En clair : ne choisissez pas “au feeling”. Le choix de la peinture se fait en fonction du support (acrylique/émail), du niveau d’usure (poreux, éclats, rayures) et du niveau d’exigence (rendu “pro” ou simple coup de frais).

Préparation de la surface : ce qui fait que ça tient (ou pas) 

Je le dis franchement : si vous bâclez cette étape, vous risquez une peinture qui ne tient pas, même avec un bon produit.

Avant application de la peinture : dégraisser, décaper, poncer 

L’idée est de créer une surface propre, mate, légèrement rugueuse.

  1. Dégraissage sérieux : savon + rinçage, puis un dégraissant. Selon les habitudes, on voit souvent passer cristaux de soude (efficace sur gras), parfois vinaigre blanc (utile contre le calcaire), et, plus rarement, eau de javel (à éviter si vous n’êtes pas sûre du mélange et du rinçage : ce n’est pas l’outil le plus “propre” pour préparer un support à peindre).
  2. Ponçage : pas “pour faire joli”, mais pour ouvrir la surface et supprimer la brillance.
  3. Si l’émail est abîmé (petits éclats), un rebouchage local peut être utile avant peinture : sur certains chantiers, on utilise un mastic époxy bi-composant pour retrouver une base régulière.

Primaire et application : deux couches fines valent mieux qu’une épaisse 

Le primaire d’accroche (ou peinture d’accroche) est souvent la clé sur émail/acrylique. Ensuite, visez deux couches fines plutôt qu’une couche “chargée” : moins de coulures, moins de bulles, meilleure tension.
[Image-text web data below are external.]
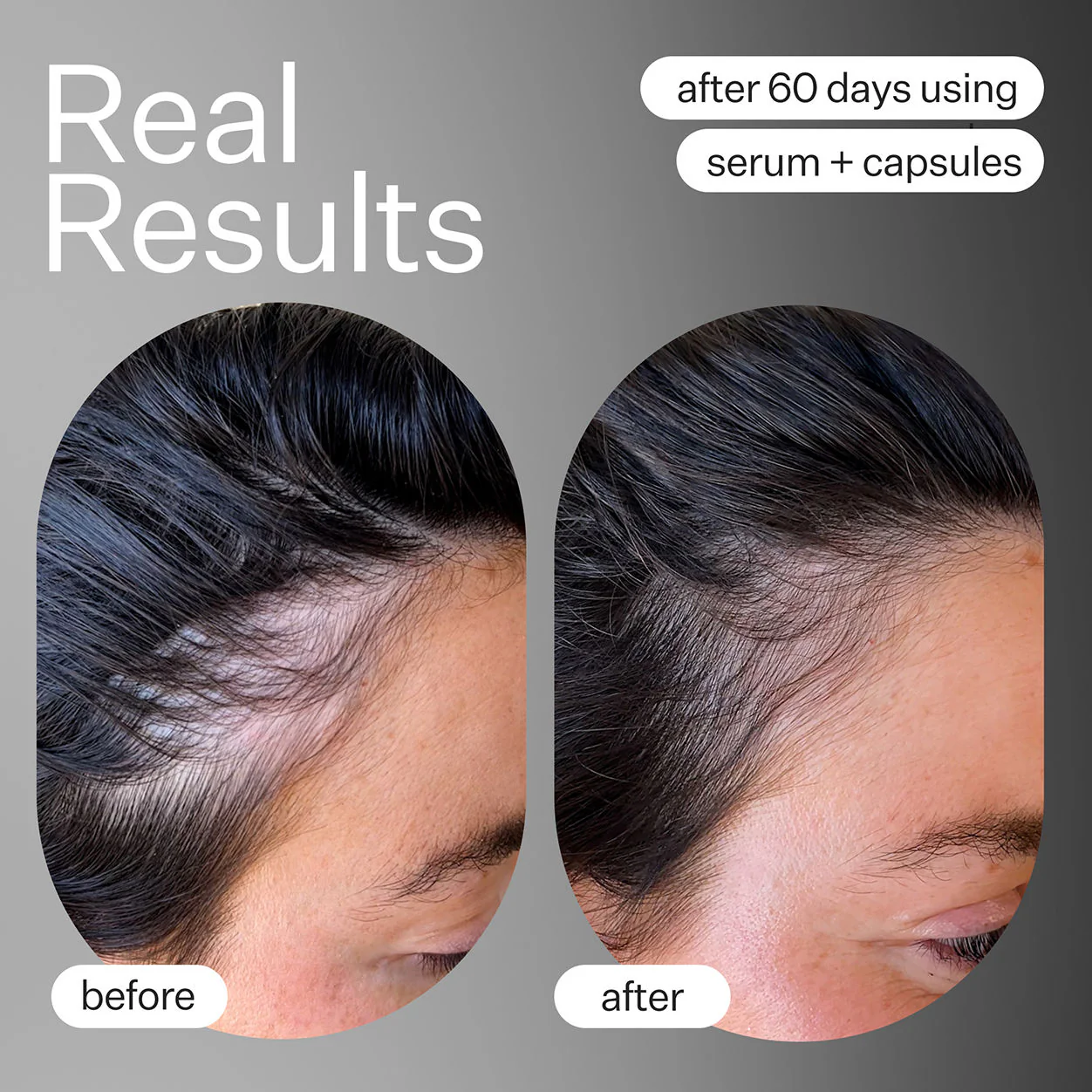Advanced Fuller Hair System - Image 5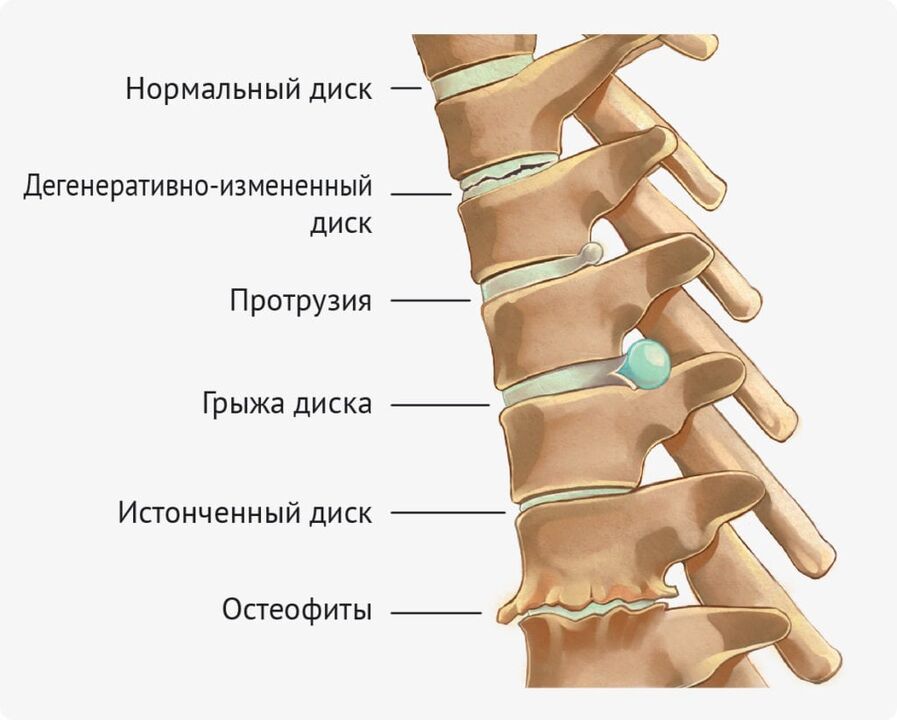 Plate deformation for lumbar osteochondrosis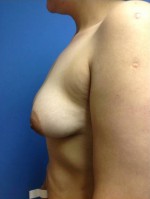 Breast Augmentation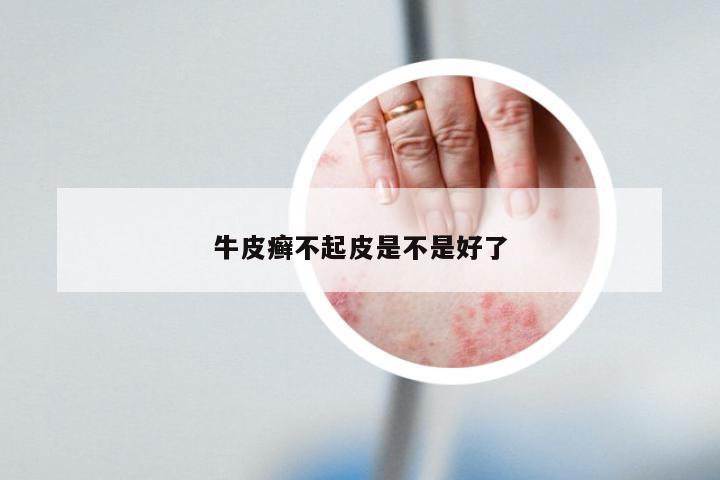 牛皮癣不起皮是不是好了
Et oui, parfois un ponçage très léger entre deux couches (une fois sec) permet de lisser une micro-texture.

Sur les forums, une phrase revient souvent : “Mal préparée, la peinture ne restera pas sur le long terme.”
C’est exactement ça.

Époxy pro, réémaillage, remplacement : quand passer à une autre solution ? 

Si vous voulez un résultat très proche de l’émail d’origine, les pros utilisent des produits plus techniques : résine époxy bi-composante plus chargée, parfois solvantée (présence de solvant), avec application idéale au pistolet. C’est robuste… mais c’est aussi plus contraignant (ventilation, protection, température, odeurs).

Le réémaillage à chaud existe, mais c’est cher et pas toujours accessible. Et même là, certains retours montrent que la longévité dépend de l’usage et de l’entretien.

Enfin, soyons pragmatiques : si la baignoire est fissurée, très poreuse, ou que vous empilez les couches depuis des années, le remplacement peut être la solution la plus simple et parfois la plus rentable (moins de temps, moins d’aléas).

Les contraintes à prévoir (et les erreurs à éviter) 

Peindre, c’est aussi s’organiser :

  • ventilation, gants, masque (surtout avec une base de résine époxy et des produits solvantés) ;
  • pas d’enfants/animaux dans la pièce pendant l’application et le séchage ;
  • temps de séchage : selon les produits, on peut immobiliser la baignoire plusieurs jours. Prévoyez un plan B.

Côté finition : plus c’est lisse, plus c’est facile à nettoyer… mais plus c’est glissant. Et attention à l’entretien : anticalcaires trop acides, abrasifs, éponges grattantes… ce sont des erreurs à éviter si vous voulez garder une baignoire repeinte jolie.